Try it: Only one stretch of the data below is wanted: the lines from the one with "11716 Summit Crescent - Photo 3" through the one with "Angela Eldridge Email", repeated exactly.

___ Information given ___

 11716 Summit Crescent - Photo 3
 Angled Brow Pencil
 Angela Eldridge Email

___
___ Information given ___

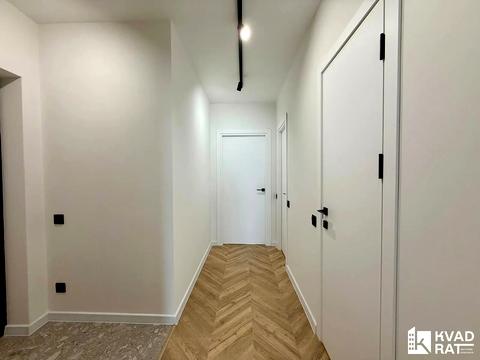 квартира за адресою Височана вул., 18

___

Exercise result:
 11716 Summit Crescent - Photo 3
 Angled Brow Pencil
 Angela Eldridge Email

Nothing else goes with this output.